Washington Editor

The FDA Monday approved Tysabri (natalizumab) for use in patients with moderate to severe Crohn's disease.

Tysabri, marketed by Cambridge, Mass.-based Biogen Idec and Dublin, Ireland-based Elan Corp., already is approved in the U.S. for use in patients with multiple sclerosis.

However, the drug was pulled temporarily from the market in 2005 in response to concerns about three cases of progressive multifocal leukoencephalopathy (PML), a rare neurologic disorder, that had been linked to the drug.

The FDA a year later approved the drug's return to the market under a stringent restricted distribution program for patients with relapsing forms of multiple sclerosis.

In a 12 to 3 vote, an FDA advisory committee in July recommended that Tysabri could be used safely in patients with Crohn's disease.

Joyce Korvick, deputy director of the FDA's Division of Gastroenterology Products, noted that the approval for the Crohn's disease indication is for inducing and maintaining clinical response and remission in adult patients with moderately to severely active disease with evidence of inflammation who have had an inadequate response to or are unable to tolerate conventional therapies.

Patients using the drug must be enrolled in a restricted distribution program similar to the one designed for patients with multiple sclerosis, Korvick told reporters Monday during a telebriefing.

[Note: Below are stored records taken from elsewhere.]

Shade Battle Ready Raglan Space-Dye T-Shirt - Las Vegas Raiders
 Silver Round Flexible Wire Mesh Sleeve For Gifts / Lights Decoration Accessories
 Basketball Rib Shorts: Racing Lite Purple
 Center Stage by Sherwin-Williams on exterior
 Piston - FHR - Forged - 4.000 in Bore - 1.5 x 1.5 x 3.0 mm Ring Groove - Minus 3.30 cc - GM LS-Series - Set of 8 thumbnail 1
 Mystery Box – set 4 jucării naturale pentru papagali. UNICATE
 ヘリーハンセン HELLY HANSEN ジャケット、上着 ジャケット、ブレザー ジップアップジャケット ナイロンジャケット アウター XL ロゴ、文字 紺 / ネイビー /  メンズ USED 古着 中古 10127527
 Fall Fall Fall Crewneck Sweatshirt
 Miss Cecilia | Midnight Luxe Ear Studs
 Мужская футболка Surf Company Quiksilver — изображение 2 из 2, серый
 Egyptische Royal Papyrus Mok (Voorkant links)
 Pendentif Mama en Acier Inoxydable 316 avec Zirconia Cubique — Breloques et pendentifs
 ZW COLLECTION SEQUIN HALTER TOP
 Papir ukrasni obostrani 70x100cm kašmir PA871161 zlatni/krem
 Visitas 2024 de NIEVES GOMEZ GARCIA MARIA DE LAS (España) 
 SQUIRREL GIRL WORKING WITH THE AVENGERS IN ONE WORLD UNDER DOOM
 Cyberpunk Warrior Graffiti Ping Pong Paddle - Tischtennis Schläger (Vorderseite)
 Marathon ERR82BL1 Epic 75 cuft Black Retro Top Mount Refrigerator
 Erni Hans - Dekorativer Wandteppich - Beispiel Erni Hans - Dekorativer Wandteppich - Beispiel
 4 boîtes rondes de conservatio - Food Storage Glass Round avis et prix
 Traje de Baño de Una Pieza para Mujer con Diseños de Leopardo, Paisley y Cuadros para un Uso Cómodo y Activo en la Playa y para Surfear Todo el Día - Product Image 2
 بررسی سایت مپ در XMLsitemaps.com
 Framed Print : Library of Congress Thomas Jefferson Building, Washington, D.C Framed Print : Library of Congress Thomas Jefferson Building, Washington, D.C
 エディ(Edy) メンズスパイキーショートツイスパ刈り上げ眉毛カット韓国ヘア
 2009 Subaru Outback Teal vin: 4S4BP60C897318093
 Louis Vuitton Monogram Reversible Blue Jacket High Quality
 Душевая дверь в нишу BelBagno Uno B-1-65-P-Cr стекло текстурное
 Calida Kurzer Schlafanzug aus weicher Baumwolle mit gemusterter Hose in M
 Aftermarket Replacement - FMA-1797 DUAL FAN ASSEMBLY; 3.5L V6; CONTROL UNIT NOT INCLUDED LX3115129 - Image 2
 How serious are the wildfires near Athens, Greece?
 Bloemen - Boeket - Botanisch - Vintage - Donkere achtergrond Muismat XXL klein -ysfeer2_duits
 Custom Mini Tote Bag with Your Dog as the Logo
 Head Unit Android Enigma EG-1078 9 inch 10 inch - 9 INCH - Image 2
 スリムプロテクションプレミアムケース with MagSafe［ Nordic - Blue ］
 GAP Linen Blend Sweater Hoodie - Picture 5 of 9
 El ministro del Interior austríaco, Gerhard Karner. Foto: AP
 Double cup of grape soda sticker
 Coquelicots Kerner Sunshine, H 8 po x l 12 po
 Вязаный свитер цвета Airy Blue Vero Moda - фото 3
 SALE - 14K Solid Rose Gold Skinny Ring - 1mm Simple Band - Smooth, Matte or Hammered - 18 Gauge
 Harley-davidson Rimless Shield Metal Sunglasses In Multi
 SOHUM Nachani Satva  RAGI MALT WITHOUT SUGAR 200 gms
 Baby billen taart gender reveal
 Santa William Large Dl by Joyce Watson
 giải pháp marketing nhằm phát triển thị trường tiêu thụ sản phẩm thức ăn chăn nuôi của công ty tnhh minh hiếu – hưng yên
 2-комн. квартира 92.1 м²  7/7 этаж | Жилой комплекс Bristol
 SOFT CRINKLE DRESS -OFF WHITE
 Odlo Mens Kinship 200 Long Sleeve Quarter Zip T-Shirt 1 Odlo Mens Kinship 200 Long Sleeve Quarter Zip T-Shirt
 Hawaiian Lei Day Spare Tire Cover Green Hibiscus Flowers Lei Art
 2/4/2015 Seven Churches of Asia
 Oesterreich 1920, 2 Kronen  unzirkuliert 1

Crohn's disease, a chronic and progressive inflammatory disease of the gastrointestinal tract, affects about 500,000 men and women in the U.S.

"There is no cure," Korvick noted.

"We are delighted that Tysabri will be available for Crohn's patients and their physicians, who continue to need new therapeutic options with novel mechanisms of action, Gordon Francis, Elan's senior vice president of global clinical development, said in a statement.

Shares of Biogen Idec (NASDAQ:BIIB) rose 96 cents Monday, to close at $59.98. Shares of Elan (NYSE:ELN) rose 13 cents to close at $24.89.